▶ [Description of the task] Using the listing below, retype only the lines from the line with "Tựa lưng lưới" through the end, both ends included, and exclude the pictures.
━━━━
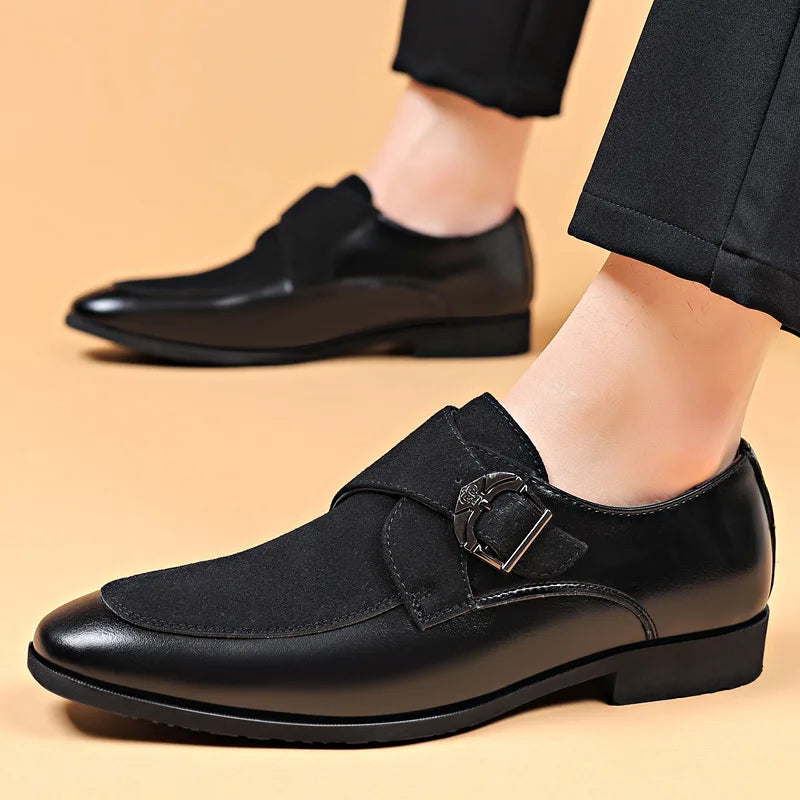 Professional men's black leather slip-on loafers, perfect for office wear, business, or sophisticated smart casual.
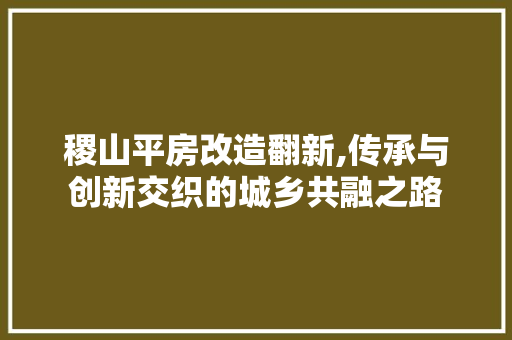稷山平房改造翻新,传承与创新交织的城乡共融之路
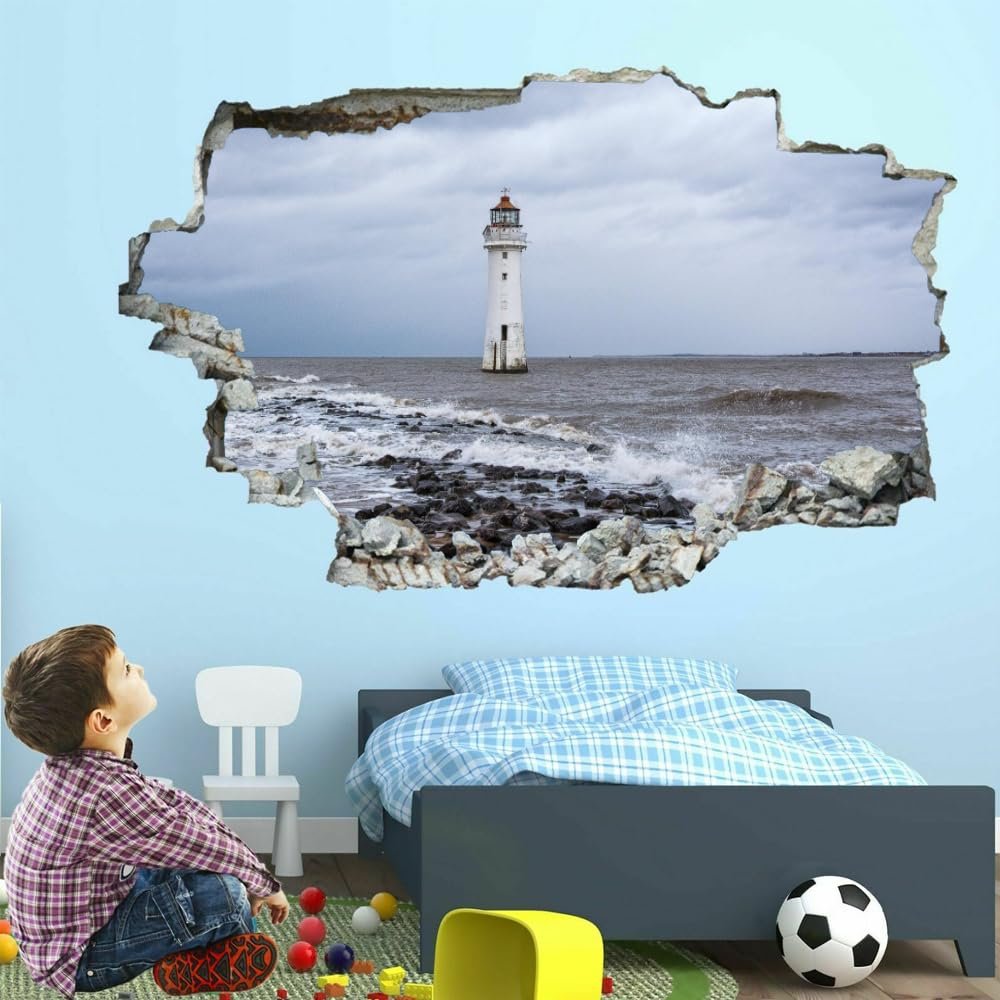 3D Wall Sticker, Broken Lighthouse, Ocean Pier, Removable Vinyl Wall Art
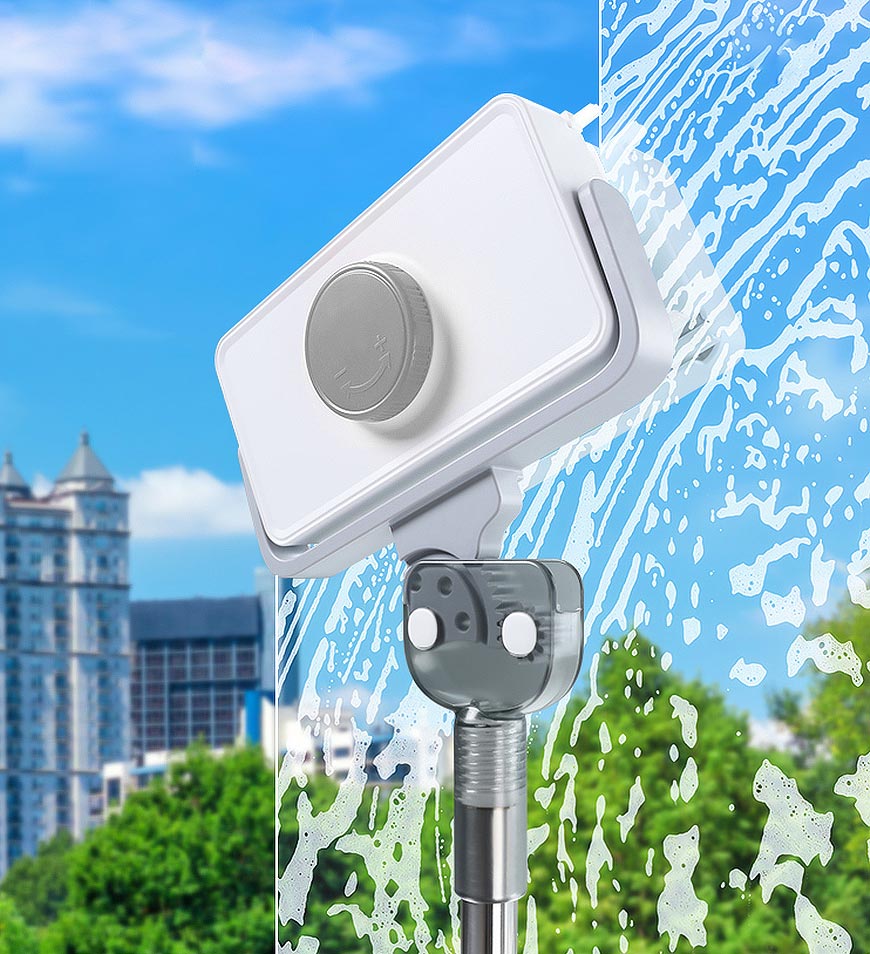 CrystalClear Magnetic Window Cleaner with Adjustable Grip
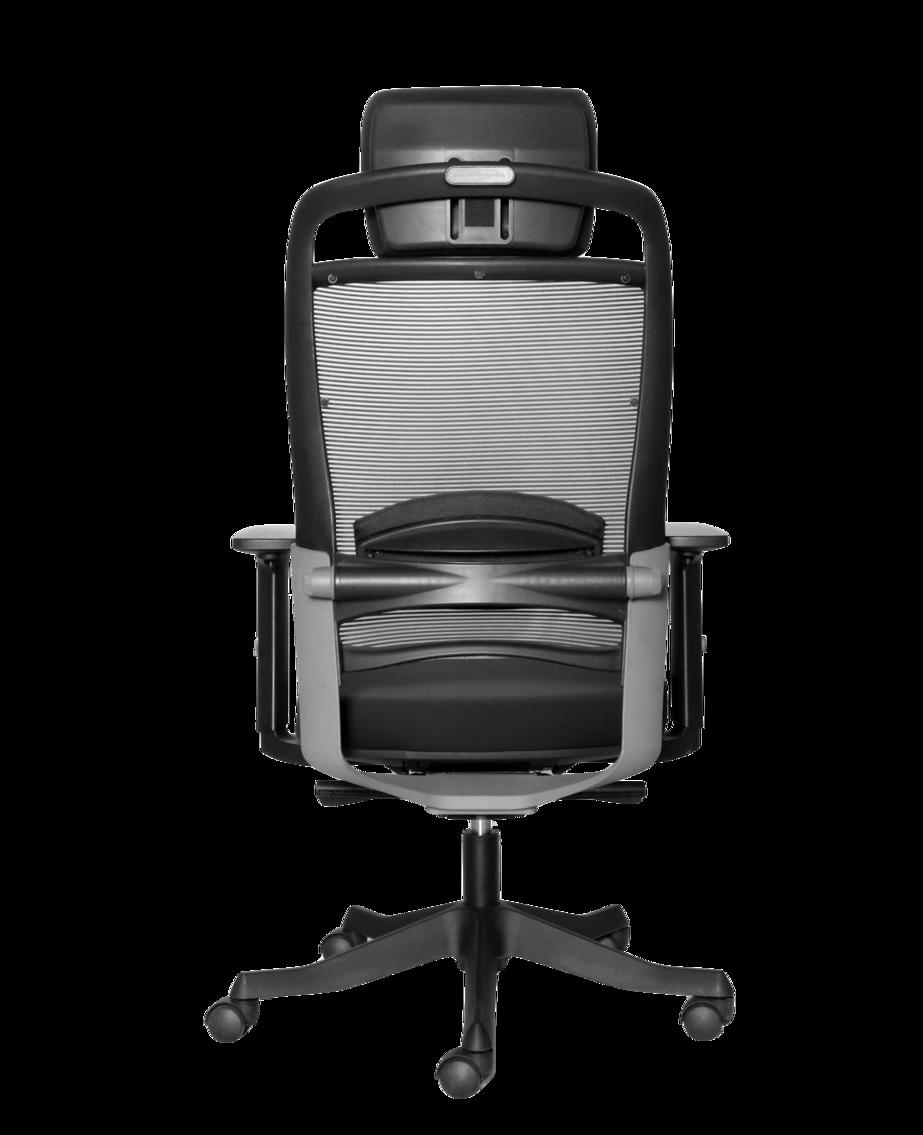 Tựa lưng lưới khung nhựa cho sự thoáng mát và độ bền trong môi trường nóng ẩm.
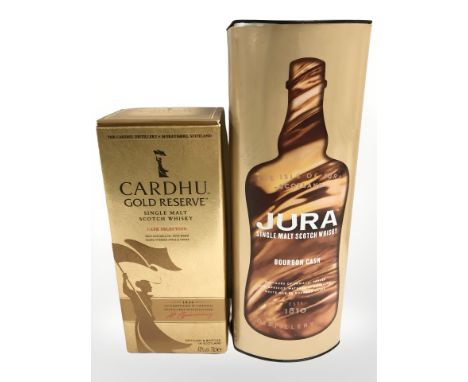 A bottle of Cardhu gold reserve single malt scotch whisky, 70 cl, and a bottle of Jura single malt scotch whisky, aged ten ye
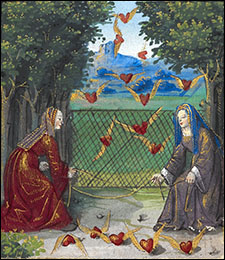 Ladies catching hearts. Pierre Sala, Le Petit Livre d'Amour, c1500. BL.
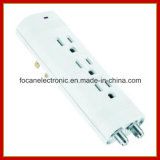 3 Outlets Vertical Surge Protected Current Tap with Coaxial Protection
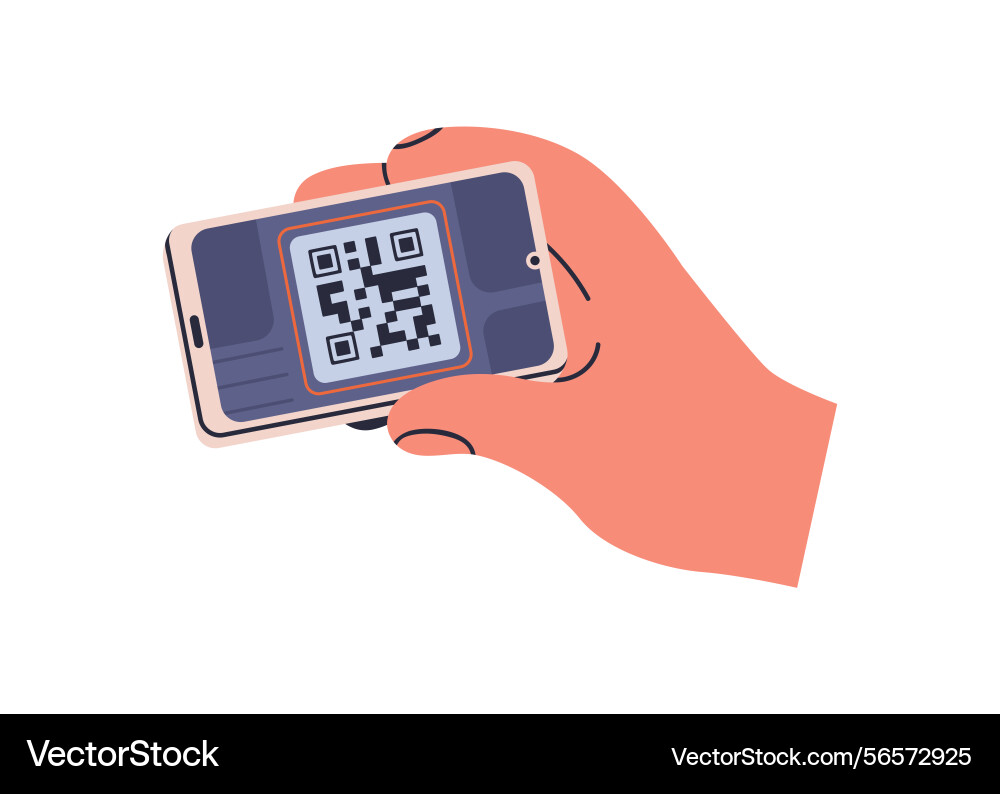 Scanning qr-code with mobile scanner app holding Scanning qr-code with mobile scanner app holding vector image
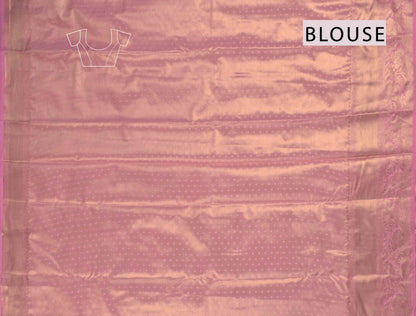 Golden Silver Semi Silk Peacock Paradise Golden Pink Zari Border Saree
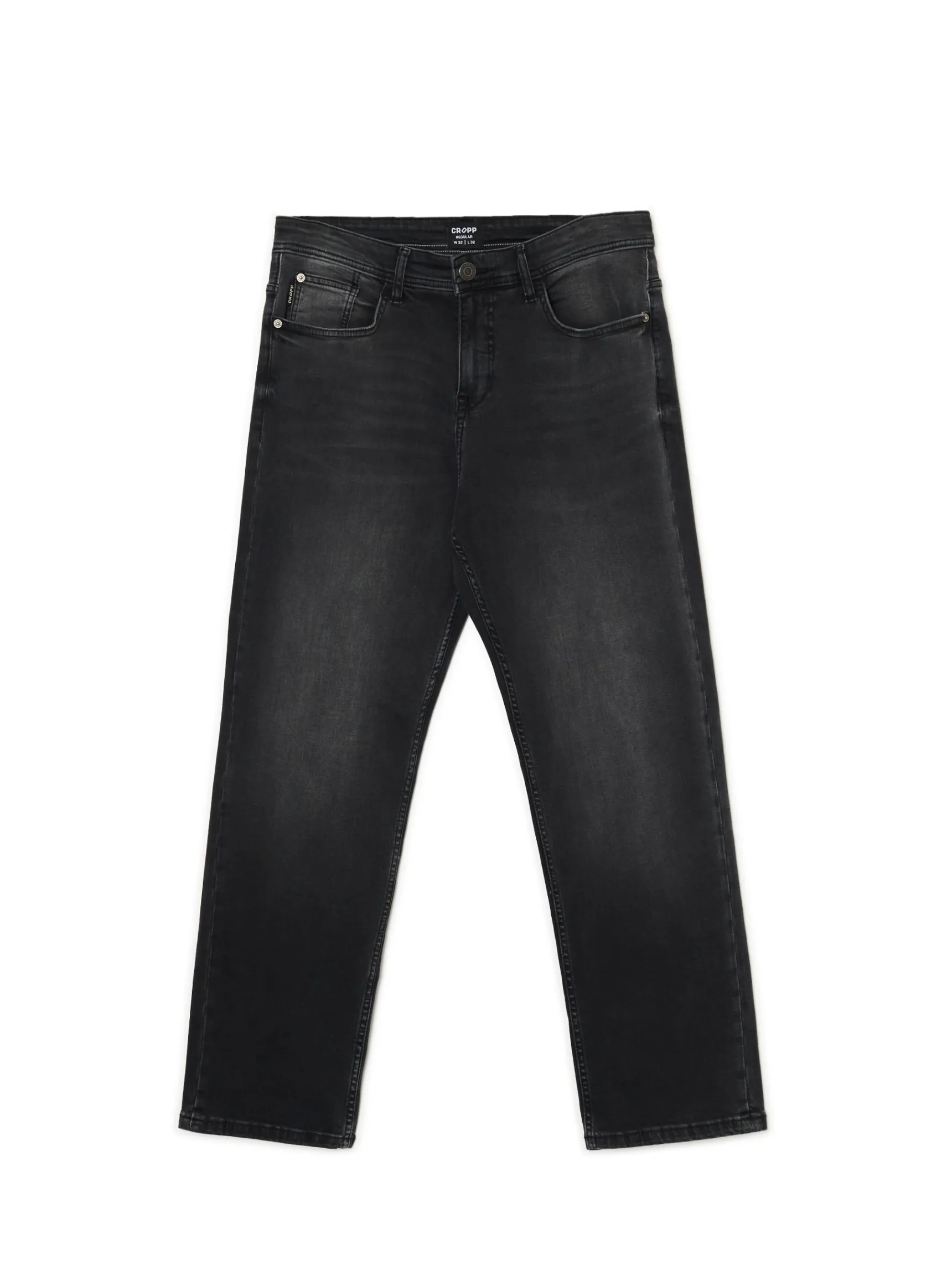 Clearance Cropp Czarne jeansy regular szary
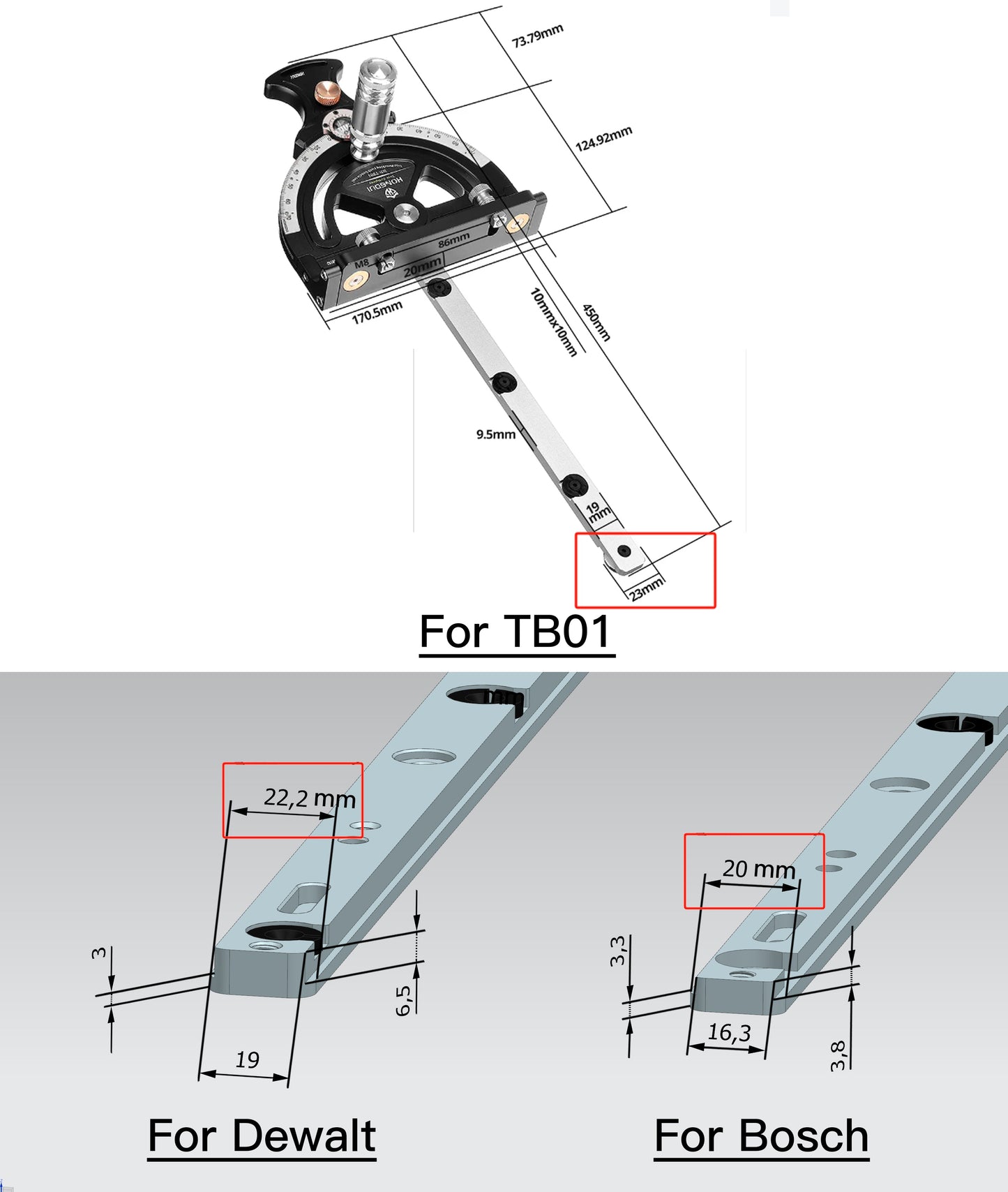 Precision Mitre Gauge Suits Standard Mitre Gauge Slots - By Hongdui Tools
━━━━
▶ [Answer section]
 Tựa lưng lưới khung nhựa cho sự thoáng mát và độ bền trong môi trường nóng ẩm.
 A bottle of Cardhu gold reserve single malt scotch whisky, 70 cl, and a bottle of Jura single malt scotch whisky, aged ten ye
 Ladies catching hearts. Pierre Sala, Le Petit Livre d'Amour, c1500. BL.
 3 Outlets Vertical Surge Protected Current Tap with Coaxial Protection
 Scanning qr-code with mobile scanner app holding Scanning qr-code with mobile scanner app holding vector image
 Golden Silver Semi Silk Peacock Paradise Golden Pink Zari Border Saree
 Clearance Cropp Czarne jeansy regular szary
 Precision Mitre Gauge Suits Standard Mitre Gauge Slots - By Hongdui Tools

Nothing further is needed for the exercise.